• _Data to examine_
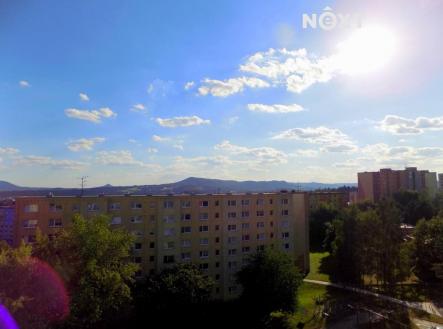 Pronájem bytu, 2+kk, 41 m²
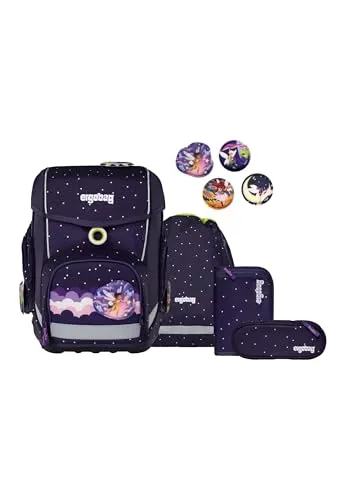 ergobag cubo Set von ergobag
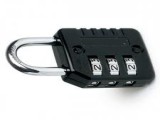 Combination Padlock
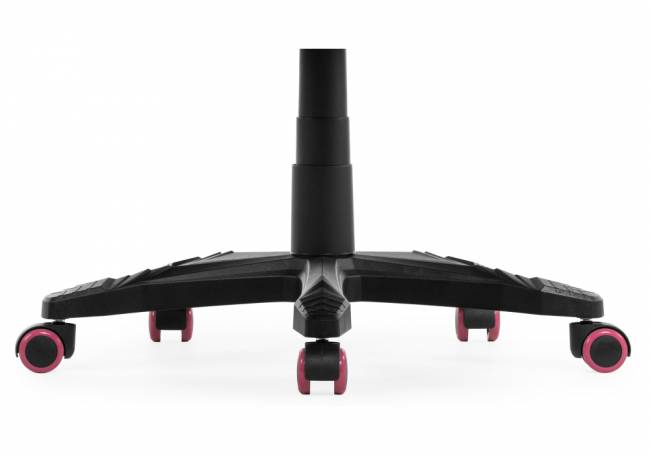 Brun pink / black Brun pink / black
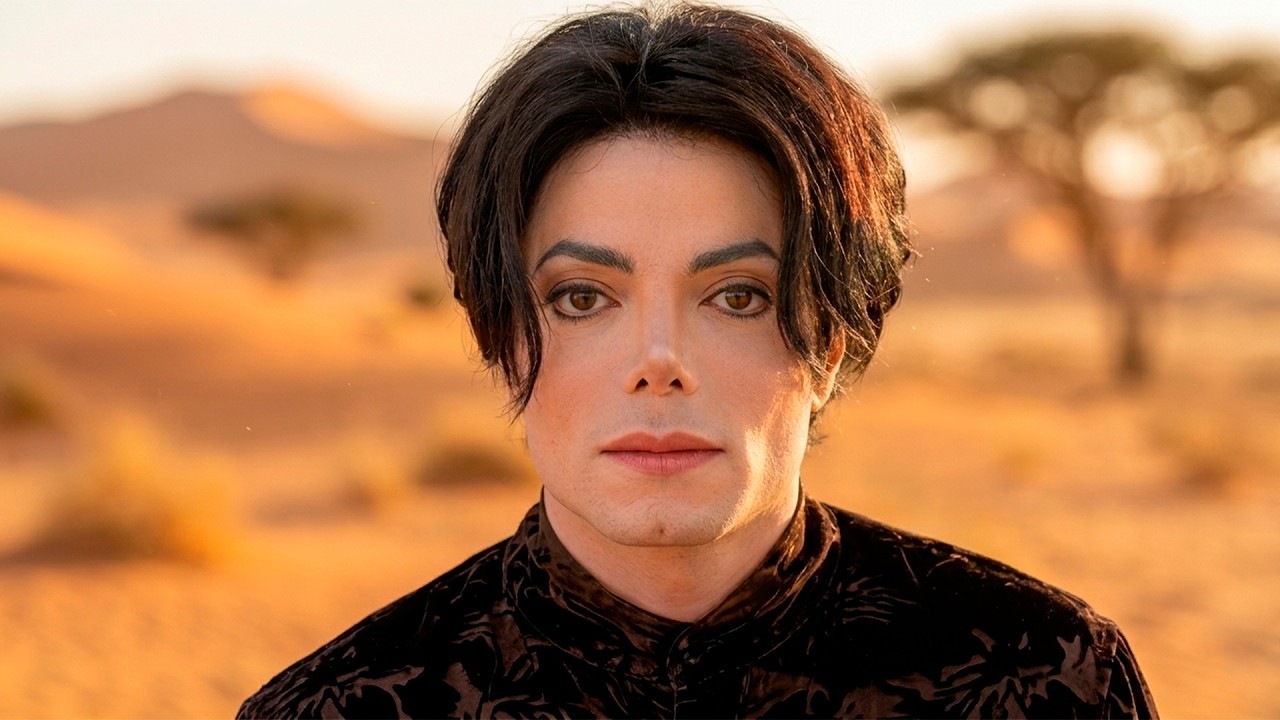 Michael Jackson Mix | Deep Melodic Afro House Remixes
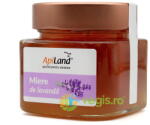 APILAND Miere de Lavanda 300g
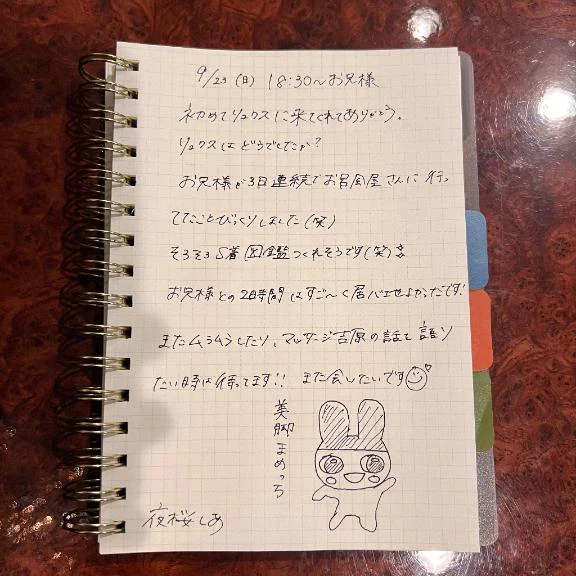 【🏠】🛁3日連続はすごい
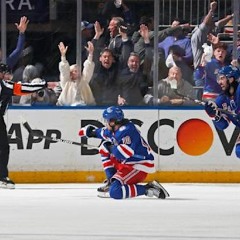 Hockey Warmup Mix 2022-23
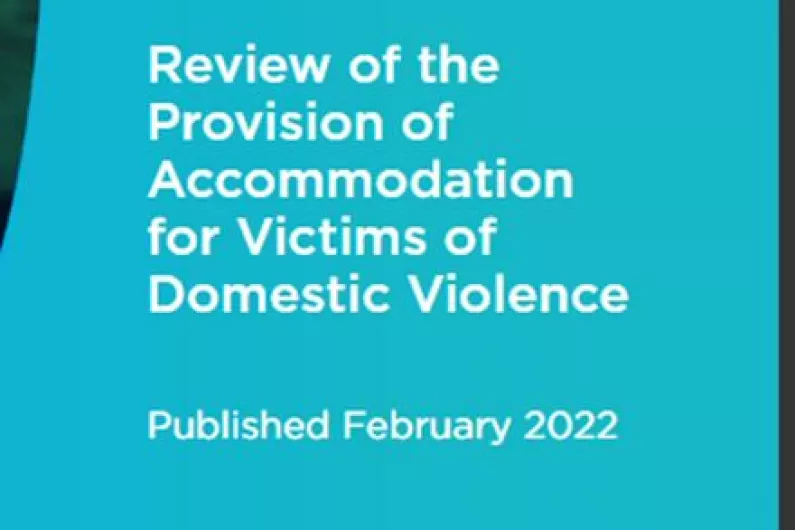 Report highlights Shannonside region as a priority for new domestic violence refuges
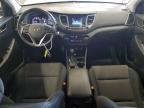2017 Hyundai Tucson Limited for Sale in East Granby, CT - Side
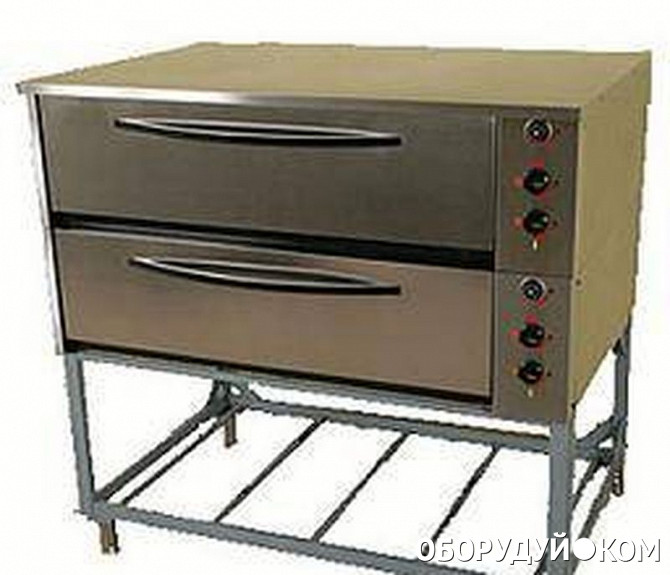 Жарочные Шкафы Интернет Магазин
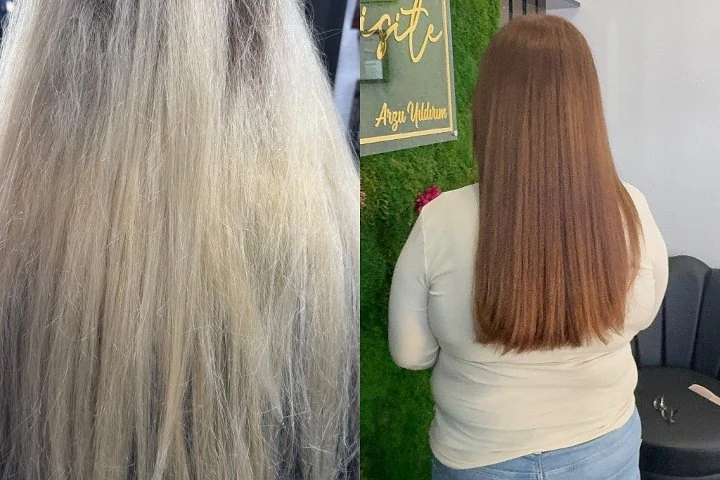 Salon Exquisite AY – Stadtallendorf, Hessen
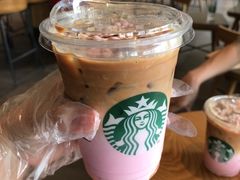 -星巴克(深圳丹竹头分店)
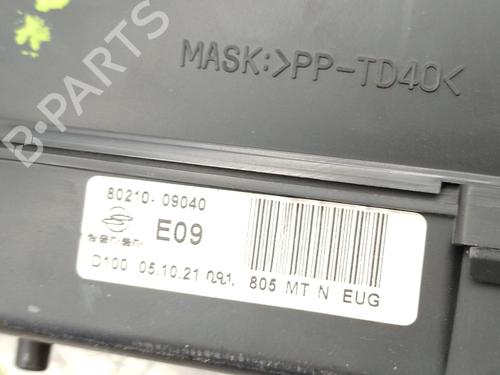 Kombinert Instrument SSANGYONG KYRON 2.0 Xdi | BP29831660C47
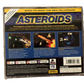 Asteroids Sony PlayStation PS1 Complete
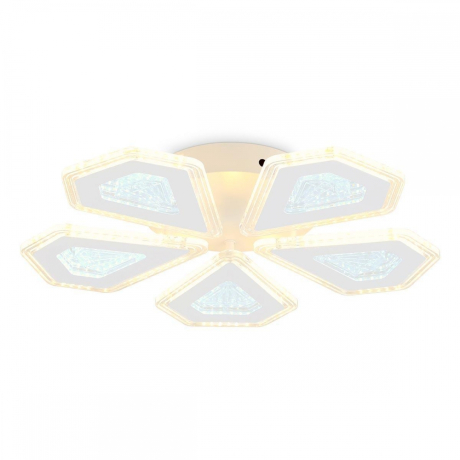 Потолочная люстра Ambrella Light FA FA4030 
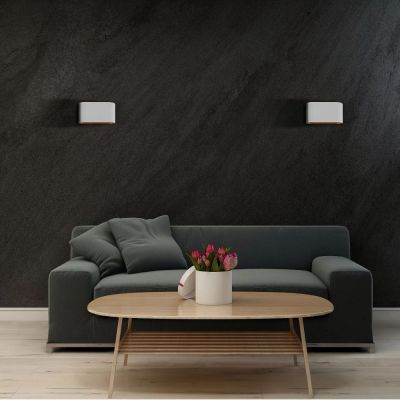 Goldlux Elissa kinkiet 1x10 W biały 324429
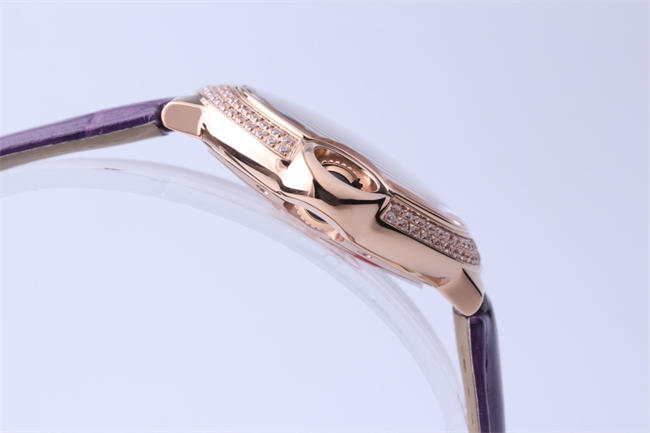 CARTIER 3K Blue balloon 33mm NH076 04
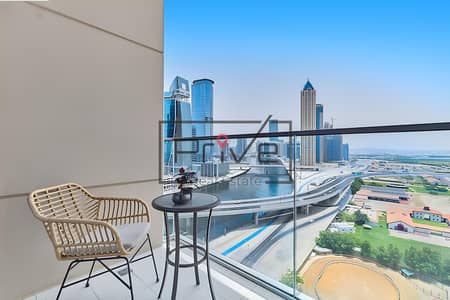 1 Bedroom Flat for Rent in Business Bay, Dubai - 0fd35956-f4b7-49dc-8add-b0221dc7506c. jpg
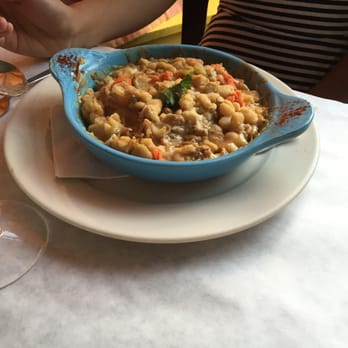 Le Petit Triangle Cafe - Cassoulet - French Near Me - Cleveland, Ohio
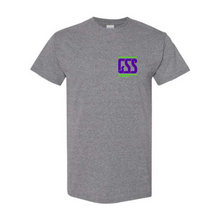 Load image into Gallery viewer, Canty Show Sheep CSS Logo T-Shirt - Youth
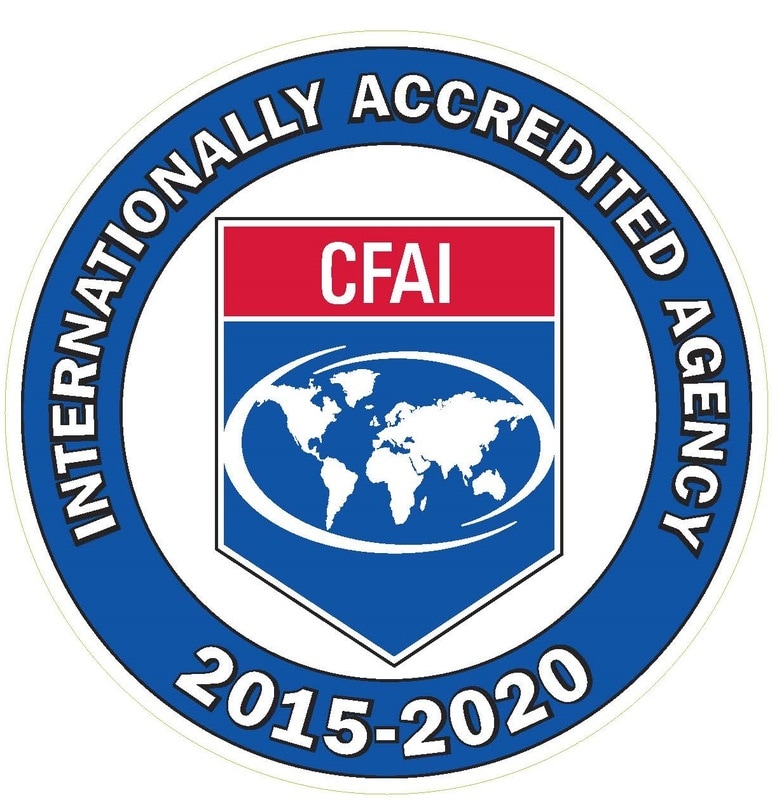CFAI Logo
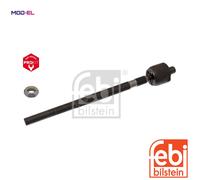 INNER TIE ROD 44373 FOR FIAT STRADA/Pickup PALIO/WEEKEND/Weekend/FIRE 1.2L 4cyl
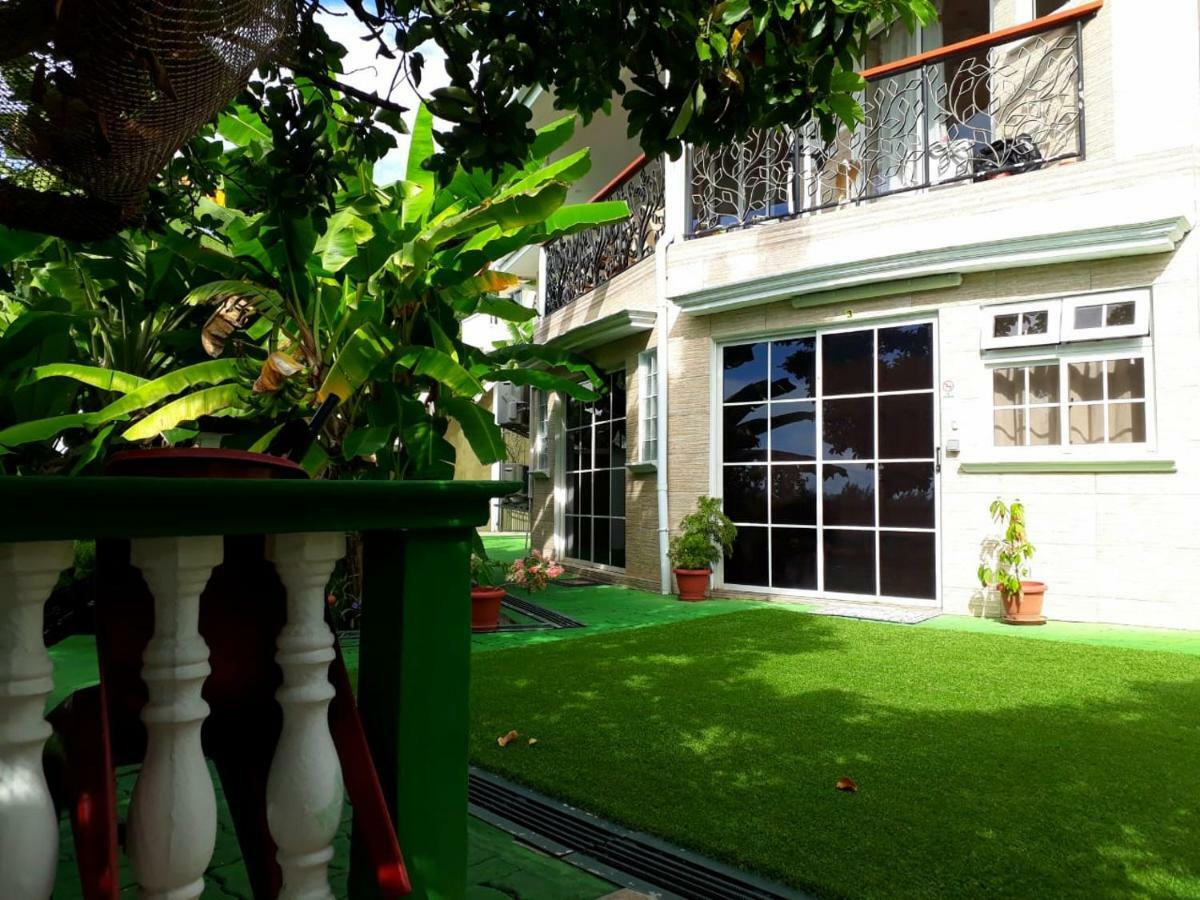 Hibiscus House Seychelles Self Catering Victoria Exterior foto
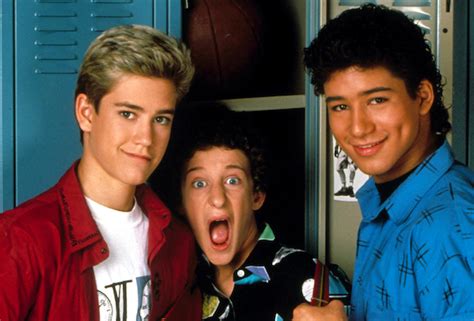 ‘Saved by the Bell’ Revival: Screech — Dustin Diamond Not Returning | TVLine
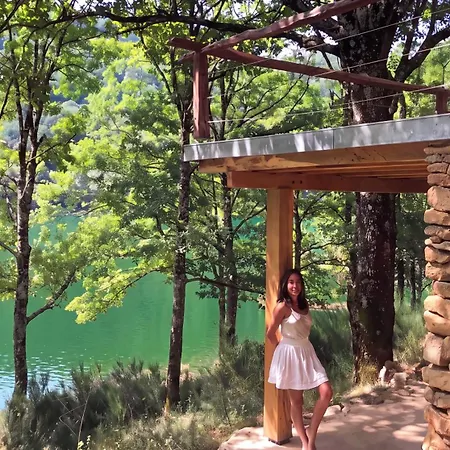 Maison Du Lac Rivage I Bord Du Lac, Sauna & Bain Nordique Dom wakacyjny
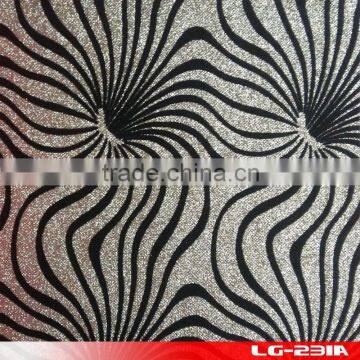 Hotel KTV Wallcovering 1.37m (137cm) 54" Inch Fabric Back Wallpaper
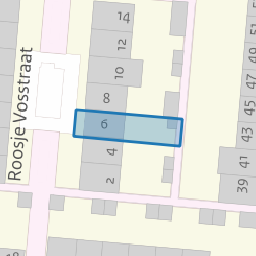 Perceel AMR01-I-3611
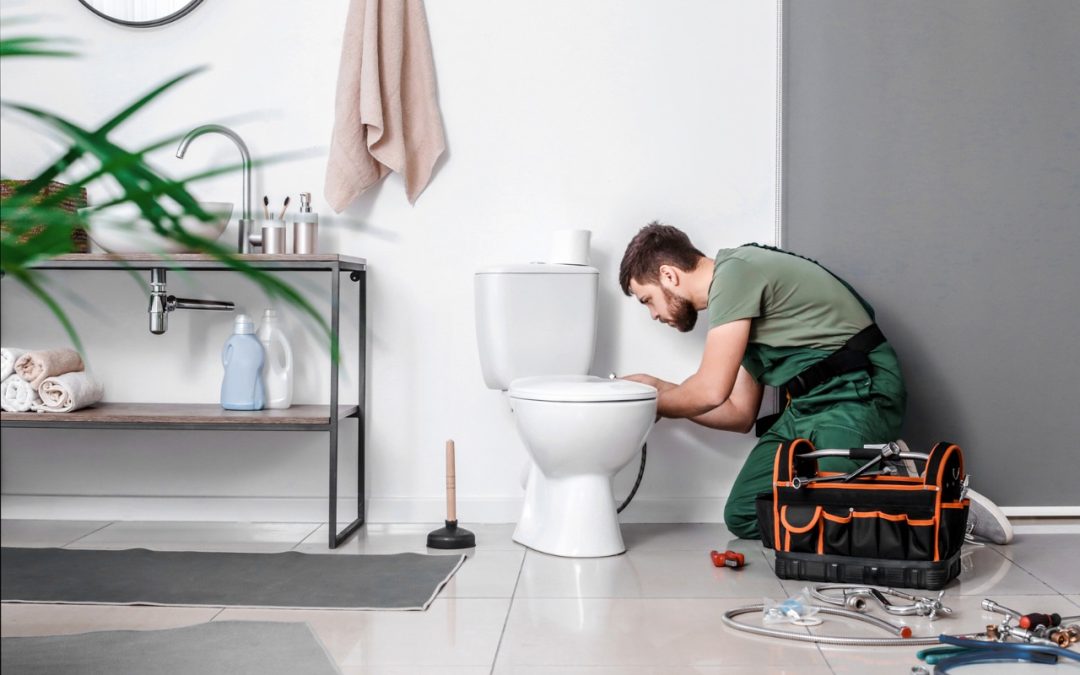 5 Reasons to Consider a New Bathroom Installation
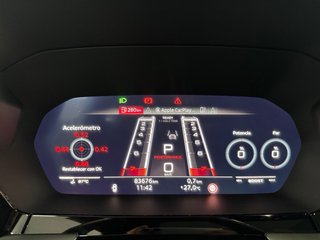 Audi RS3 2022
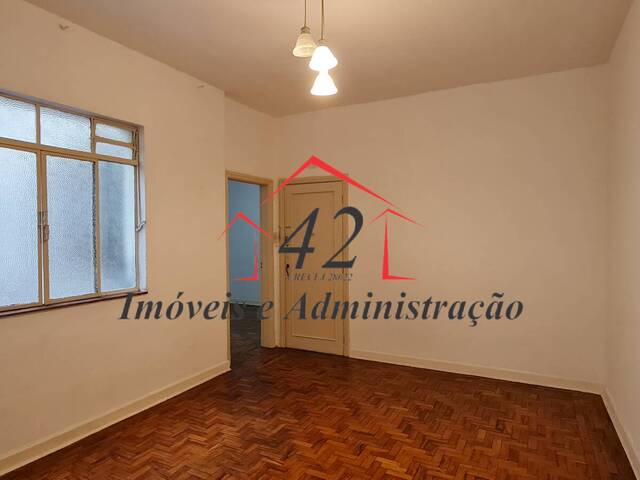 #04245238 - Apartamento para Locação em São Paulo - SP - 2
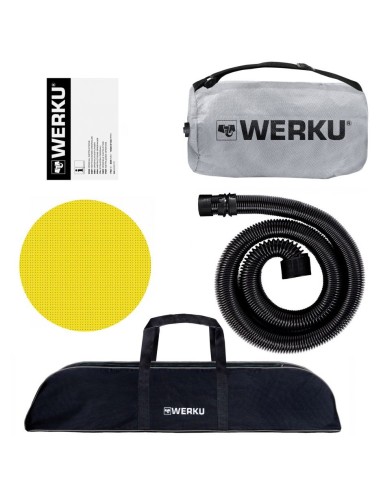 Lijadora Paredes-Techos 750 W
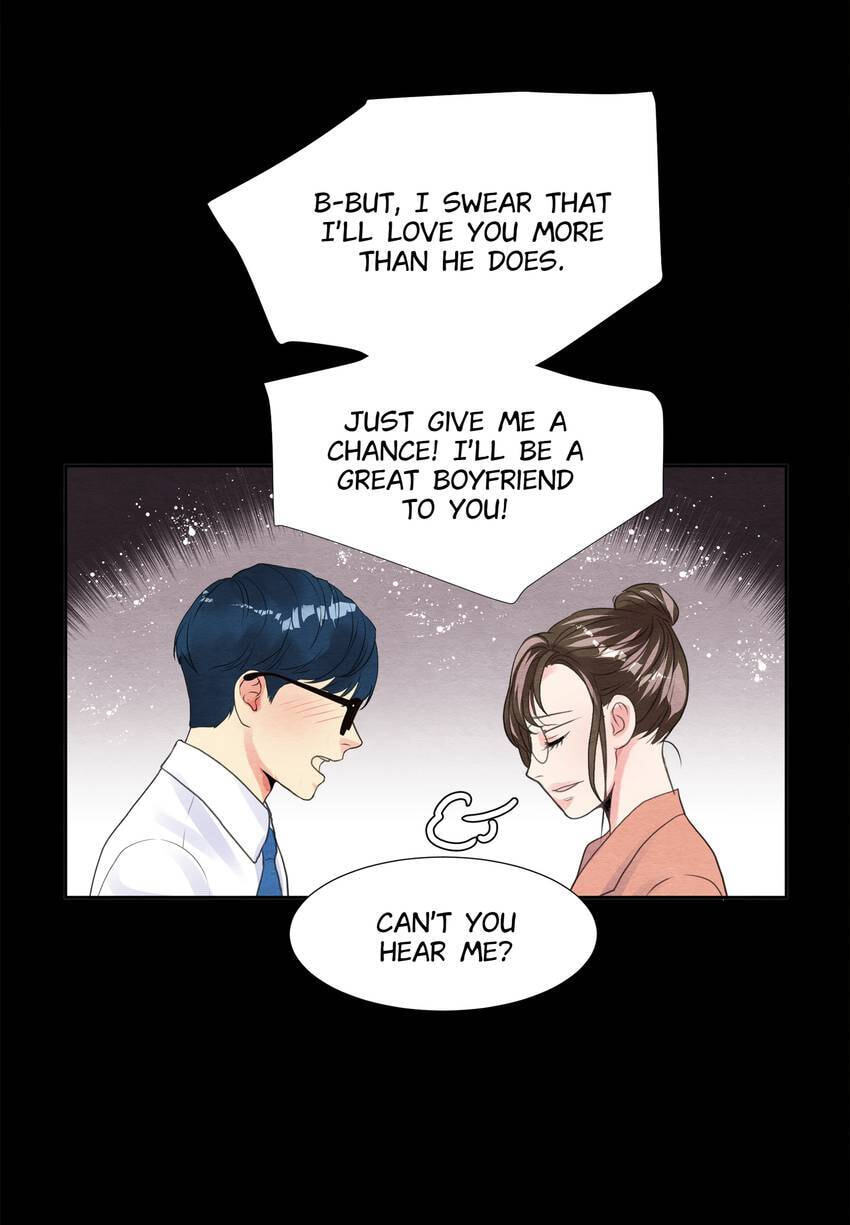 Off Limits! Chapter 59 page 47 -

• _Task goal_
For each entry, repeat its text exactly and leave out any picture it holds.

• _Exercise output_
 Pronájem bytu, 2+kk, 41 m²
 ergobag cubo Set von ergobag
 Combination Padlock
 Brun pink / black Brun pink / black
 Michael Jackson Mix | Deep Melodic Afro House Remixes
 APILAND Miere de Lavanda 300g
 【🏠】🛁3日連続はすごい
 Hockey Warmup Mix 2022-23
 Report highlights Shannonside region as a priority for new domestic violence refuges
2017 Hyundai Tucson Limited for Sale in East Granby, CT - Side
 Жарочные Шкафы Интернет Магазин
 Salon Exquisite AY – Stadtallendorf, Hessen
 -星巴克(深圳丹竹头分店)
 Kombinert Instrument SSANGYONG KYRON 2.0 Xdi | BP29831660C47
 Asteroids Sony PlayStation PS1 Complete
 Потолочная люстра Ambrella Light FA FA4030 
 Goldlux Elissa kinkiet 1x10 W biały 324429
 CARTIER 3K Blue balloon 33mm NH076 04
 1 Bedroom Flat for Rent in Business Bay, Dubai - 0fd35956-f4b7-49dc-8add-b0221dc7506c. jpg
 Le Petit Triangle Cafe - Cassoulet - French Near Me - Cleveland, Ohio
 Load image into Gallery viewer, Canty Show Sheep CSS Logo T-Shirt - Youth
CFAI Logo
 INNER TIE ROD 44373 FOR FIAT STRADA/Pickup PALIO/WEEKEND/Weekend/FIRE 1.2L 4cyl
 Hibiscus House Seychelles Self Catering Victoria Exterior foto
 ‘Saved by the Bell’ Revival: Screech — Dustin Diamond Not Returning | TVLine
 Maison Du Lac Rivage I Bord Du Lac, Sauna & Bain Nordique Dom wakacyjny
 Hotel KTV Wallcovering 1.37m (137cm) 54" Inch Fabric Back Wallpaper
 Perceel AMR01-I-3611
 5 Reasons to Consider a New Bathroom Installation
 Audi RS3 2022
 #04245238 - Apartamento para Locação em São Paulo - SP - 2
 Lijadora Paredes-Techos 750 W
 Off Limits! Chapter 59 page 47 -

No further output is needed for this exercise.